April 27 (Bloomberg) -- The pound rose for a 10th day against the dollar, the longest winning streak since June 1992, as investors sought the relative safety of U.K. currency after Standard & Poor’s cut Spain’s credit rating.
Sterling climbed to the strongest in almost 22 months against the euro as signs the region’s debt crisis is worsening damped demand for European assets. The Bank of Japan today expanded its asset-purchase program, while the U.S. and Swiss central banks have also signaled they are prepared to take further stimulus measures. Gilts fell as the U.K. auctioned 3 billion pounds ($4.87 billion) of bills.
The pound is being favored because the central banks of Japan, Switzerland and the U.S. are “chasing away inflows into their currencies,” said Jane Foley, a senior currency strategist at Rabobank International. “There are clearly still tensions in the euro zone, with the overnight S&P downgrade.”
The U.K. currency rose 0.3 percent to $1.6240 at 4:54 p.m. London time after climbing to $1.6258, the highest since Sept. 1. The pound appreciated 0.1 percent to 81.59 pence per euro. It reached 81.34 pence, the strongest since June 2010.
S&P lowered Spain’s long-term credit rating by two steps yesterday to BBB+ from A, with a negative outlook. The downgrade increased concern the debt crisis is spreading to the region’s larger economies, even after more than $1 trillion of European Central Bank liquidity and two Greek bailouts.
Sterling has appreciated 1.6 percent in the past month, the second-best performer after the yen of the 10 developed-nation currencies tracked by Bloomberg Correlation-Weighted Indexes. The dollar fell 0.4 percent, and the franc declined 0.6 percent.
Swiss policy makers are ready to take further measures to weaken the currency, central bank President Thomas Jordan said today in Bern. The Federal Reserve is “prepared to do more” to ensure the recovery, Chairman Ben S. Bernanke said April 25.
“You can look at sterling fundamentals and say they’re not great, but maybe I have to buy some because there’s a lack of choice,” Foley said.

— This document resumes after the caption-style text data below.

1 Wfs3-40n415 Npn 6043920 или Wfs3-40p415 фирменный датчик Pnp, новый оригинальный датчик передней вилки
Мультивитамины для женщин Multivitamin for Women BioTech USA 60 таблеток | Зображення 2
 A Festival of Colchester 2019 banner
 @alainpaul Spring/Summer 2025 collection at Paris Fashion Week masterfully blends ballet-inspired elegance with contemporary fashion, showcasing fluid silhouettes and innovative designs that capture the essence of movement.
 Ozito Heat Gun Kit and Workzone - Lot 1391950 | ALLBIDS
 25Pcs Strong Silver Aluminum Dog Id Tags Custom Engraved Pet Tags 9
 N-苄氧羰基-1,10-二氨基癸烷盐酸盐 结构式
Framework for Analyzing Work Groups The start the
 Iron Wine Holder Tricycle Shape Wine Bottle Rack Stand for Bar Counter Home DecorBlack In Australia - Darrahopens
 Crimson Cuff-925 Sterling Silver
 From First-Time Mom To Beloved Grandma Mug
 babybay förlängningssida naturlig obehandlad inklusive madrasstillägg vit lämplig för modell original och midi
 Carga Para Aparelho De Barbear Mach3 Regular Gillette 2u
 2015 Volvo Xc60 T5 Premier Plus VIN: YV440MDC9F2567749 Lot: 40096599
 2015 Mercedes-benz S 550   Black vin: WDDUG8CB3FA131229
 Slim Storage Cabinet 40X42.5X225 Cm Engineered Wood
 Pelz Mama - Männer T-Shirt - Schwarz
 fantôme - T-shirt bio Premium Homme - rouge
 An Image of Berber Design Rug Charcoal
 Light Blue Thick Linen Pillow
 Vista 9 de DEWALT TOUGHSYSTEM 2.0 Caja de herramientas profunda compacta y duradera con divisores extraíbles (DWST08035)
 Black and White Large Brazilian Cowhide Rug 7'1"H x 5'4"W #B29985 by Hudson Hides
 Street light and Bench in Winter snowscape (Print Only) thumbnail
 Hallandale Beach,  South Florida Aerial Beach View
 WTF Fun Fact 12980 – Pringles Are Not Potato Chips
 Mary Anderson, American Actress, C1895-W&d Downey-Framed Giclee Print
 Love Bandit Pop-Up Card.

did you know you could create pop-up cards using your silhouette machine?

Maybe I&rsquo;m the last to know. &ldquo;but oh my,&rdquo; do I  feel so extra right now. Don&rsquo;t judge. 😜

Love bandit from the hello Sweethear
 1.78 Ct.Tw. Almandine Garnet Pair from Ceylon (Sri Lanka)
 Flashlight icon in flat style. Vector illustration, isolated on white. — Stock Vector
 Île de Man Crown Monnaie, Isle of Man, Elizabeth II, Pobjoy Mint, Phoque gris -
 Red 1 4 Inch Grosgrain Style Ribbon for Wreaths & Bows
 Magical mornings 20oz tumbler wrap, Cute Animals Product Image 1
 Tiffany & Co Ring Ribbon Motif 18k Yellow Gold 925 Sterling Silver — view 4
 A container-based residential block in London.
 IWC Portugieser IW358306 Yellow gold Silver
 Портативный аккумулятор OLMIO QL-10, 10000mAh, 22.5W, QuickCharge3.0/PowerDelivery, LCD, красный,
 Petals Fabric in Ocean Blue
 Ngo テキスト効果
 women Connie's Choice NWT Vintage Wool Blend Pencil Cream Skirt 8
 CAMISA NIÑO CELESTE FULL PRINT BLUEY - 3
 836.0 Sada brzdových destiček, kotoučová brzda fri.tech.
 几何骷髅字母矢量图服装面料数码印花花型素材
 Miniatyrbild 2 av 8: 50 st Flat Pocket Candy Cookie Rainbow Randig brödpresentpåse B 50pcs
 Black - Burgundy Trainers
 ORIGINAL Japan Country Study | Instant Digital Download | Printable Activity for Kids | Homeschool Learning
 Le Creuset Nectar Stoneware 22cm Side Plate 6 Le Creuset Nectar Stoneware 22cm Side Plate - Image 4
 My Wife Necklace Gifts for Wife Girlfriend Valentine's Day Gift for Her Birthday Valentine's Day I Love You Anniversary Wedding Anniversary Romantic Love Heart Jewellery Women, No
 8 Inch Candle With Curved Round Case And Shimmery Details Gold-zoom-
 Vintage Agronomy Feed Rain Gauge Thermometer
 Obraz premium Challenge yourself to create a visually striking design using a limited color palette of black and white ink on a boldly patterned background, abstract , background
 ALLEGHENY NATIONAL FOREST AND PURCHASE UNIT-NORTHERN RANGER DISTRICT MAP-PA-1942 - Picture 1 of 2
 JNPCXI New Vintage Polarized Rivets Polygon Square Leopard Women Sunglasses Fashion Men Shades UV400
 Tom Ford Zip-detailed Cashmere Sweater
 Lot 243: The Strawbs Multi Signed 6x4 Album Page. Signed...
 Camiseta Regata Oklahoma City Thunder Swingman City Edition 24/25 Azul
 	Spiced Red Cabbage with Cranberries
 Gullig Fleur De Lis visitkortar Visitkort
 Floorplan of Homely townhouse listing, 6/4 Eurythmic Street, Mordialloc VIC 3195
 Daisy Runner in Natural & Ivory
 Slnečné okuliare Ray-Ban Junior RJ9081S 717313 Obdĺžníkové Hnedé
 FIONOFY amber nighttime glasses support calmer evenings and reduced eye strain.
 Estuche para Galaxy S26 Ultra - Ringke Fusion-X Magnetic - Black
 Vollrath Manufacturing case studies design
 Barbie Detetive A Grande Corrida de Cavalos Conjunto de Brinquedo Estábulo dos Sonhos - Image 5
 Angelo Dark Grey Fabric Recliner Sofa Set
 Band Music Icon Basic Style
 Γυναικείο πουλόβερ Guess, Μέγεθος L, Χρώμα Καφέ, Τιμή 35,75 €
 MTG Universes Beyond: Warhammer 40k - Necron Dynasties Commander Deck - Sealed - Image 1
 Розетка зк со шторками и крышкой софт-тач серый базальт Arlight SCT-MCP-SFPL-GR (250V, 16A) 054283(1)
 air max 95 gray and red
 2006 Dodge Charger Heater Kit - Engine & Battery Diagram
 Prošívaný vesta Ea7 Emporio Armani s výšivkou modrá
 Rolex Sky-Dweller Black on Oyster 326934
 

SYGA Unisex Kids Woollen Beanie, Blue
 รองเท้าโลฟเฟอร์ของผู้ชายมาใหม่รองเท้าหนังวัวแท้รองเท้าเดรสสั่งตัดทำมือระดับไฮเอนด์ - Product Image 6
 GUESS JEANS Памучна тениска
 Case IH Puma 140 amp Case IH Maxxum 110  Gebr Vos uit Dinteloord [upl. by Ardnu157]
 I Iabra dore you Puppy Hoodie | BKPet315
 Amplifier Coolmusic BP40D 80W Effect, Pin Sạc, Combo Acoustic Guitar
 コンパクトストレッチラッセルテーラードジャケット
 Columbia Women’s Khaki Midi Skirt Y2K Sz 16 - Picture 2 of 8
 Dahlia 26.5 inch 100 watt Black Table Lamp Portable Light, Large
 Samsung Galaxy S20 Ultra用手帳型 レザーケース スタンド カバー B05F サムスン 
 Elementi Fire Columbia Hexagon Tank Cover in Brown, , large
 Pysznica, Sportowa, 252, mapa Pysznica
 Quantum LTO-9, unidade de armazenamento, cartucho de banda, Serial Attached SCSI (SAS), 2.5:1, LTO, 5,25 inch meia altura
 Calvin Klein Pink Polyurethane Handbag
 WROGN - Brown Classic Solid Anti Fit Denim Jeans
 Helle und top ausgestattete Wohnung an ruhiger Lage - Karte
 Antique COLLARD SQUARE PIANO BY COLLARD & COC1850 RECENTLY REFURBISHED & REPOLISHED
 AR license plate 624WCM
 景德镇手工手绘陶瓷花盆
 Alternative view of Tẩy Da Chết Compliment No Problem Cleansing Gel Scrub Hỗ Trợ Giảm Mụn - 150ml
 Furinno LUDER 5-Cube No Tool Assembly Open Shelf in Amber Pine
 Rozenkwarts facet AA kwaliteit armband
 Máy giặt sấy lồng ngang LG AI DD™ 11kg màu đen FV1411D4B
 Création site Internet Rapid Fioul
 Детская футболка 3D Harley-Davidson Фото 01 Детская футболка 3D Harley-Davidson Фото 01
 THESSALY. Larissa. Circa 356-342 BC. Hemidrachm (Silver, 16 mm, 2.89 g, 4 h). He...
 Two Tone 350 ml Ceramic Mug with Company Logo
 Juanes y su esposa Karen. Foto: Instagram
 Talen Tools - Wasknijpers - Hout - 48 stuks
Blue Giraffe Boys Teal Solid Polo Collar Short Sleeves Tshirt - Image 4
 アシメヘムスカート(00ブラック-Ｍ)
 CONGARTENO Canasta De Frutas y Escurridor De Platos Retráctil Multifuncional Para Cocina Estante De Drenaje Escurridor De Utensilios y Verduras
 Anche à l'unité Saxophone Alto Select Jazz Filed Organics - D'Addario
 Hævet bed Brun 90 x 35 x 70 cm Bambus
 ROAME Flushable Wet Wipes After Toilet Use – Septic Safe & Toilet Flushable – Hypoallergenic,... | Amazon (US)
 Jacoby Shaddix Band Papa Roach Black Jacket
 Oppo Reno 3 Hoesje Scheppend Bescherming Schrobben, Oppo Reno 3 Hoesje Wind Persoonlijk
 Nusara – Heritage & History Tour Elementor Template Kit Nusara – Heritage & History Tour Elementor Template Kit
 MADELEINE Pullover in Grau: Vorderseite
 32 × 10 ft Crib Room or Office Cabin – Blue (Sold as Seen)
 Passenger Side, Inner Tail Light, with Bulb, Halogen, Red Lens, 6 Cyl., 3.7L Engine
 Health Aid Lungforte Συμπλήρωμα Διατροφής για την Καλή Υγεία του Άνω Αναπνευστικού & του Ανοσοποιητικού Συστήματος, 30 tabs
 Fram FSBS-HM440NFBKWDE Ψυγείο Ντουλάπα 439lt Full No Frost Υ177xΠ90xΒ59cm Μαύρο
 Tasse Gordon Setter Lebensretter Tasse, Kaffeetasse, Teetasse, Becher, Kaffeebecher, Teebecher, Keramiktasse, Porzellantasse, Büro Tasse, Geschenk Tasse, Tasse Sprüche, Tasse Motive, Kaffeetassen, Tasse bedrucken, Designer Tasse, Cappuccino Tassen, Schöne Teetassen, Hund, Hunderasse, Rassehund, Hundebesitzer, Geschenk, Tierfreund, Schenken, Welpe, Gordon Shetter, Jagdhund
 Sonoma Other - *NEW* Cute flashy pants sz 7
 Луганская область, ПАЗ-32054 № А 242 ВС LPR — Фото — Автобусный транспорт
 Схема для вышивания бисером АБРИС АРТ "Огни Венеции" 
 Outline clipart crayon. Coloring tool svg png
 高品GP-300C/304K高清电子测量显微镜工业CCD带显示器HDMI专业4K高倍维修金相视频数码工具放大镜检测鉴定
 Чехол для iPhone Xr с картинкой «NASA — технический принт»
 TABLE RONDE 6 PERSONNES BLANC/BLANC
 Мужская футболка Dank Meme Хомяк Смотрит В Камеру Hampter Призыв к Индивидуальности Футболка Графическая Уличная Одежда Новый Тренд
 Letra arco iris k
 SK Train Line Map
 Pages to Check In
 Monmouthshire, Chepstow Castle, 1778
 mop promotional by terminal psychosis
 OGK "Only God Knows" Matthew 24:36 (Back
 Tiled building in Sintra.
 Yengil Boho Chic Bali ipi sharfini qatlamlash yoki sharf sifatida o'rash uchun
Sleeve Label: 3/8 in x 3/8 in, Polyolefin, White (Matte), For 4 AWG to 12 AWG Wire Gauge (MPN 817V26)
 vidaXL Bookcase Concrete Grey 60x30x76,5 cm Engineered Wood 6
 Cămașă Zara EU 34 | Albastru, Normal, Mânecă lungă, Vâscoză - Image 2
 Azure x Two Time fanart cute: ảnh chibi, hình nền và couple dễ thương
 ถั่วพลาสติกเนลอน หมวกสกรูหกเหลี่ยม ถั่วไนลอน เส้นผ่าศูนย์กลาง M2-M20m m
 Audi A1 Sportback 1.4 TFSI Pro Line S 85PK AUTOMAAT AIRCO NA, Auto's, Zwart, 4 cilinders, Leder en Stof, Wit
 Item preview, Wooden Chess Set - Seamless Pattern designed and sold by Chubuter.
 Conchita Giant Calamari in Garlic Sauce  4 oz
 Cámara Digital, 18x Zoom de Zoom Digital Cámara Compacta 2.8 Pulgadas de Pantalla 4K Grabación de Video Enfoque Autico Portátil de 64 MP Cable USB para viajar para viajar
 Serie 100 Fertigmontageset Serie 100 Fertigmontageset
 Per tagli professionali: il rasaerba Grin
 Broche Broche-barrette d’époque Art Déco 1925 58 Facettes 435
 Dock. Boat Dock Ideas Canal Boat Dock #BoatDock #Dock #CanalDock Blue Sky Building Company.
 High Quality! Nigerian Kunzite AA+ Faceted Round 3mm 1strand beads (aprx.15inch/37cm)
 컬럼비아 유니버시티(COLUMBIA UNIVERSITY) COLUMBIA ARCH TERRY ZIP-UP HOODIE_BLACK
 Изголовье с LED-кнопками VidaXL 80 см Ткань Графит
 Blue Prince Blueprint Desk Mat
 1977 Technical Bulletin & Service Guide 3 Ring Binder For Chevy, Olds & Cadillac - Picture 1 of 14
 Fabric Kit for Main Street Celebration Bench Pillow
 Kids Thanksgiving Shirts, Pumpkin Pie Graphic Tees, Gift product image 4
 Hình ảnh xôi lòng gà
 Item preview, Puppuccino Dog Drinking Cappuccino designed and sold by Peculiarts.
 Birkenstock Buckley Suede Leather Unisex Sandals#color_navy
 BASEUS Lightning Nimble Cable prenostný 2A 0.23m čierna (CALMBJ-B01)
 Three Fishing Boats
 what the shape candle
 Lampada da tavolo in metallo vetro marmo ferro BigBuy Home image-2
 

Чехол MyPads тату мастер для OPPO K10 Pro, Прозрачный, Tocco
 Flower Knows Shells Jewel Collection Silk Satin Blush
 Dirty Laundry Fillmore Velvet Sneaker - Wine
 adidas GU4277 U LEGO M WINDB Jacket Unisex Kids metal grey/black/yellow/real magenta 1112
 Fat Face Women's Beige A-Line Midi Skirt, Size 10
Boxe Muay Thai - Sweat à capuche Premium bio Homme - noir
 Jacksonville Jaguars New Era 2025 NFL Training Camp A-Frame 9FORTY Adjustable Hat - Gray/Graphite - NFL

The pound is testing above its October high versus the dollar and may face resistance at its Aug. 19 peak of $1.6618, according to data compiled by Bloomberg.
The 10-year gilt yield climbed three basis points, or 0.03 percentage point, to 2.13 percent. The 4 percent bond due in March 2022 dropped 0.28, or 2.80 pounds per 1,000-pound face amount, to 116.57.
The U.K. sold 28-day bills today at a yield of 0.3761 percent, 91-day securities at 0.403 percent, and 182-day bills at 0.4374 percent.
The Debt Management Office plans to auction as much as 3.75 billion pounds of March 2019 bonds on May 1 and inflation-linked securities due March 2034 on May 3. It will sell as much as 3 billion pounds of bills on May 4.
Gilts have handed investors a loss of 1 percent this year, according to indexes compiled by Bloomberg and the European Federation of Financial Analysts Societies. U.S. Treasuries rose 0.1 percent, and German bunds gained 1.2 percent.